Task statement
Write the listing below out again word for word, without a single picture.

[[ Dataset entries, beginning ]]

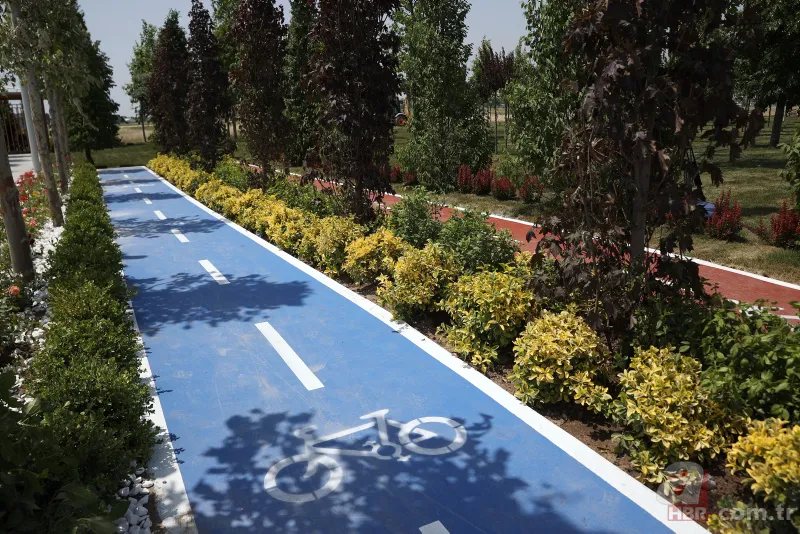 İstanbul’un fethinin 569. yılında Millet Bahçesi açılış töreni! Uzman isimler anlattı: Fatih Sultan Mehmet'in torunlarına da ancak bu yakışır 3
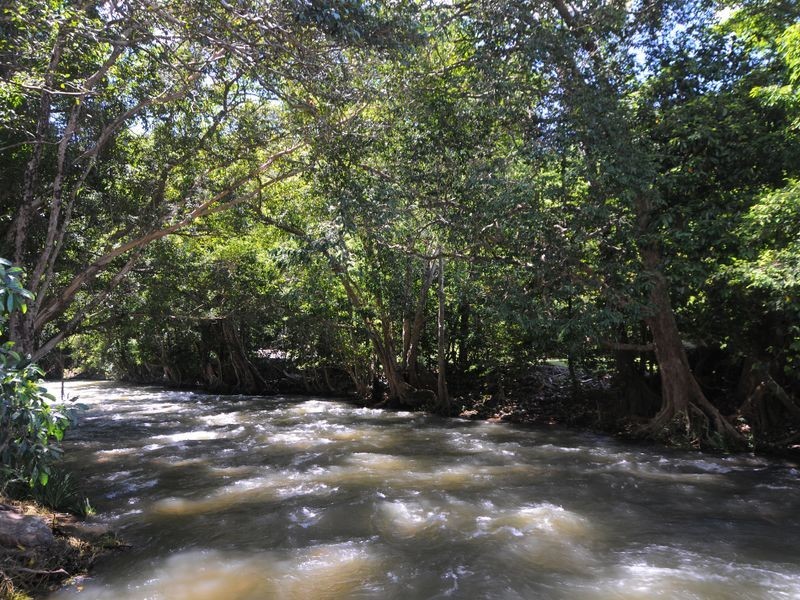 281 Burbridge Close, Redlynch QLD 4870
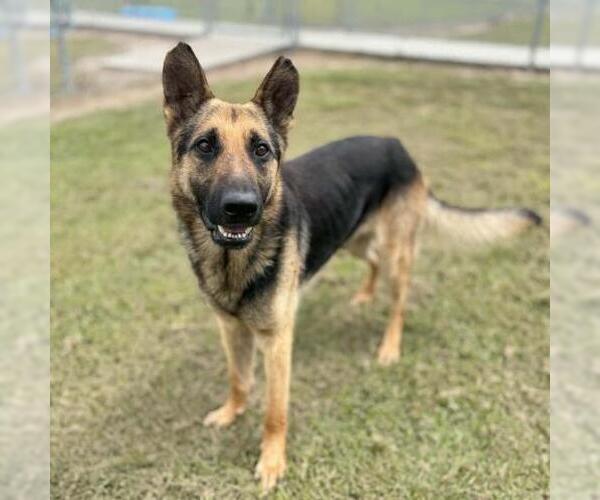 Medium Photo #2 German Shepherd Dog Puppy For Sale in Conroe, TX, USA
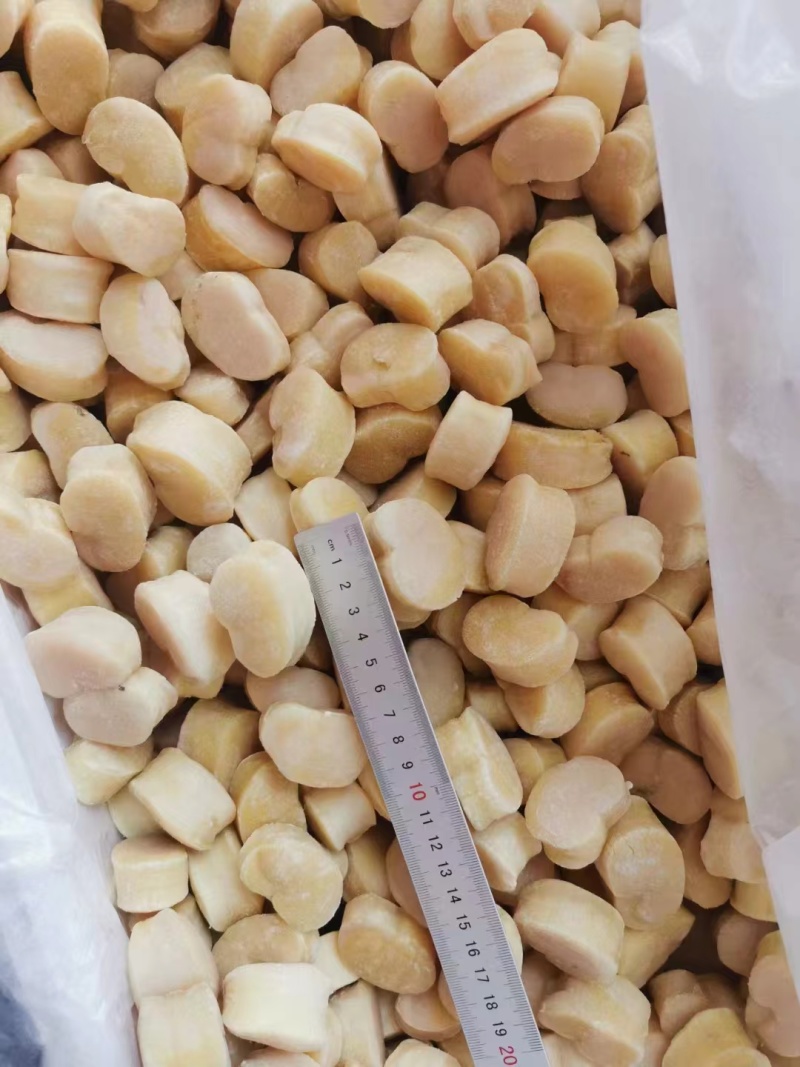 原汁江瑶贝柱江瑶贝带子肉原料精选贝柱鲜贝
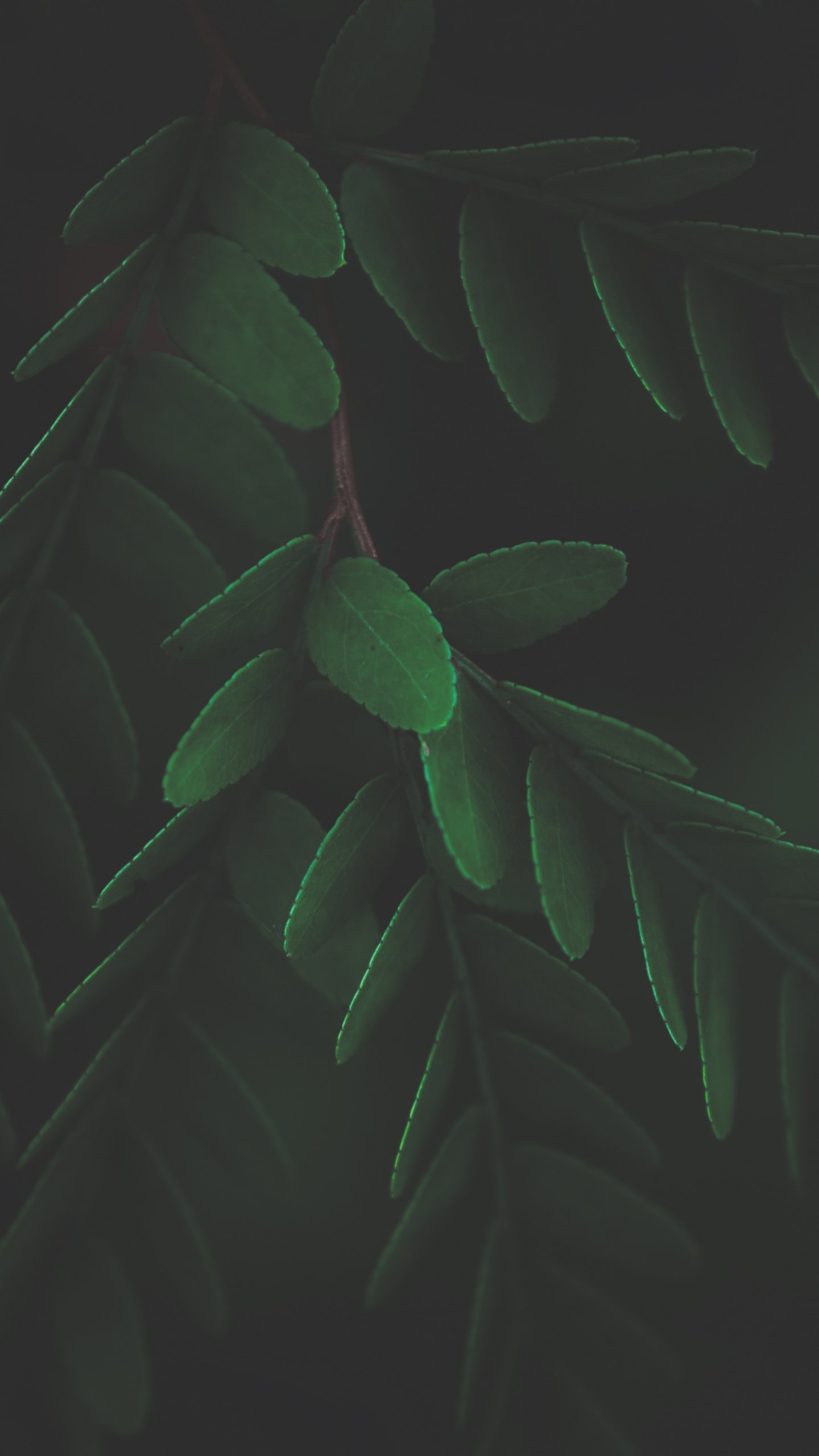 Leaf, Plant Stem, Biology, Terrestrial Plant, Twig. Wallpaper in 1440x2560 Resolution
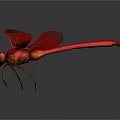 Detailed Vibrant Red Dragonfly With Spread Wings Isolated On Grey Background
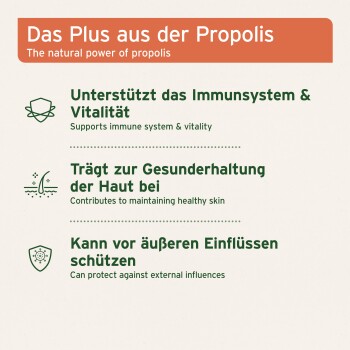 Propolis-Infografik: „Das Plus aus der Propolis“ — unterstützt das Immunsystem, die Hautgesundheit und den Schutz.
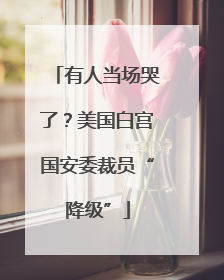 有人当场哭了？美国白宫国安委裁员“降级”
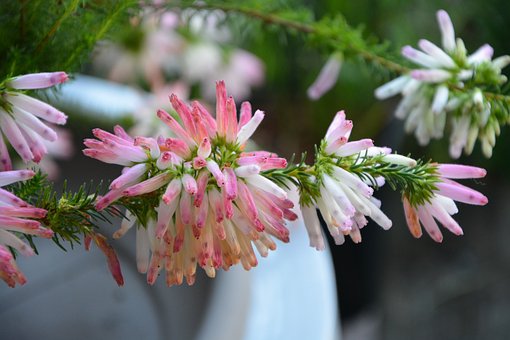 第39回 パンデミック下の再生の匂い ヒース エリカ の花 胡蝶蘭専門店プレミアムフラワー 公式 通販 販売 法人ギフト対応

[[ Dataset entries, end ]]

Reply to the exercise
 İstanbul’un fethinin 569. yılında Millet Bahçesi açılış töreni! Uzman isimler anlattı: Fatih Sultan Mehmet'in torunlarına da ancak bu yakışır 3
 281 Burbridge Close, Redlynch QLD 4870
 Medium Photo #2 German Shepherd Dog Puppy For Sale in Conroe, TX, USA
 原汁江瑶贝柱江瑶贝带子肉原料精选贝柱鲜贝
 Leaf, Plant Stem, Biology, Terrestrial Plant, Twig. Wallpaper in 1440x2560 Resolution
 Detailed Vibrant Red Dragonfly With Spread Wings Isolated On Grey Background
 Propolis-Infografik: „Das Plus aus der Propolis“ — unterstützt das Immunsystem, die Hautgesundheit und den Schutz.
 有人当场哭了？美国白宫国安委裁员“降级”
 第39回 パンデミック下の再生の匂い ヒース エリカ の花 胡蝶蘭専門店プレミアムフラワー 公式 通販 販売 法人ギフト対応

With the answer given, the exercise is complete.